> _Source data_:

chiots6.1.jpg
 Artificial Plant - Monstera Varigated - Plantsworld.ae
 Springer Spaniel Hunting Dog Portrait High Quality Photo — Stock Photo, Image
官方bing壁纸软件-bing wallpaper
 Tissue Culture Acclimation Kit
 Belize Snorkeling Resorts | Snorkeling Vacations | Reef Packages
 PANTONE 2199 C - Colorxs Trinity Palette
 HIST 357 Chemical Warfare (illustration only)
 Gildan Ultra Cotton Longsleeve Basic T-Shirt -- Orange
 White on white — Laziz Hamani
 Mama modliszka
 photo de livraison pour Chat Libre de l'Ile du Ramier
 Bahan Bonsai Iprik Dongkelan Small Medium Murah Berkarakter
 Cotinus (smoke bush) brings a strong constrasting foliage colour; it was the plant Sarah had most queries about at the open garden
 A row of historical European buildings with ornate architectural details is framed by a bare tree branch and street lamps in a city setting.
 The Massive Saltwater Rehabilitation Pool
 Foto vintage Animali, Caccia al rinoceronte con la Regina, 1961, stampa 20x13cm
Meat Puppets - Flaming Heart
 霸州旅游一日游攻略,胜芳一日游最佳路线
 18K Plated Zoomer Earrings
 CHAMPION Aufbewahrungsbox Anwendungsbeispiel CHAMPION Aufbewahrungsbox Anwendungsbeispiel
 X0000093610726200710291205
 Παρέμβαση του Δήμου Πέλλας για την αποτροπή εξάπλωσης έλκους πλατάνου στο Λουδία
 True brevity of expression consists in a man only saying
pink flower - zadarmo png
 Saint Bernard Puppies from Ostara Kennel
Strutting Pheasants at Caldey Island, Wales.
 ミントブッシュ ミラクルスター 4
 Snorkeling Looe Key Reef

> _EXERCISE DESCRIPTION_: Among the entries above, find the line with "The Massive Saltwater Rehabilitation Pool" and the line with "18K Plated Zoomer Earrings"; give again exactly these two lines and all lines between them.

> _RESULT_:
 The Massive Saltwater Rehabilitation Pool
 Foto vintage Animali, Caccia al rinoceronte con la Regina, 1961, stampa 20x13cm
Meat Puppets - Flaming Heart
 霸州旅游一日游攻略,胜芳一日游最佳路线
 18K Plated Zoomer Earrings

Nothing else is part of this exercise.